Playful otters (a trio named Sawyer, Finn and Huck), piranha and doctor fish (which will eat the dead skin off of your hand, if you place your hand in the tank) are just some of the highlights.

Shark Canyon features an acrylic J-wall that arches high over the heads of visitors. The Deep section takes visitors on a journey through the depths of the world’s oceans to meet the animals that live there.

The second floor includes a variety of interactive exhibits and touch tanks to create a hands-on and hands-wet experience.

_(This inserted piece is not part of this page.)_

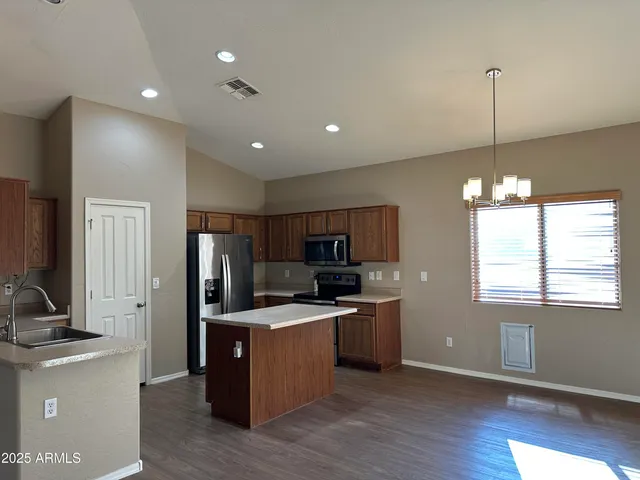 a kitchen with stainless steel appliances granite countertop a refrigerator a sink dishwasher a oven and a dining table with wooden floor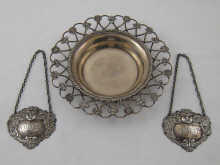 A silver wine coaster the rim with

“There are lots of interactive areas. It’s very sensory and education oriented,” said Brinker, adding that there is even an area that allows children to learn how rivers and erosion work.

Finally, throughout the aquarium, there are interactive touch screens where visitors can select a fish to learn more about it.

“You can learn about the fish in this specific tank, or if you recall something you saw in another tank, you can select the aquarium map to go to another tank,” Brinker noted.

Part of a Family Entertainment Complex

Designed by local architect Theodore Link, Union Station was opened in 1894. It closed in 1978 when Amtrak relocated its St. Louis station and reopened in 1985 as a festival marketplace with a variety of shops.

It was purchased by Lodging Hospitality Management (LHM) in 2012.

The new aquarium at Union Station is part of a $187 million family entertainment complex that includes a 200-foot observation wheel that opened in September, a carousel, 18-hole mini golf course, outdoor concert/event space, a mirror maze, ropes course, river park, restaurants and more.

If You Go . . .

From Dec. 26 through Jan. 4, the aquarium will be open extended holiday hours from 10 a.m. until 9 p.m.

Jan. 5 and after, the aquarium will be open 365 days a year from 10 a.m. until 6 p.m., Sundays through Thursdays and until 9 p.m. on Fridays and Saturdays.

Tickets are $25 for adults and $18 for children ages 3 to 12. Children 2 and under are free.

Timed tickets are available for purchase online at www.stlouisaquarium.com. Annual passes also are available at $55 for one person, $100 for two people, $135 for three and $160 for four people.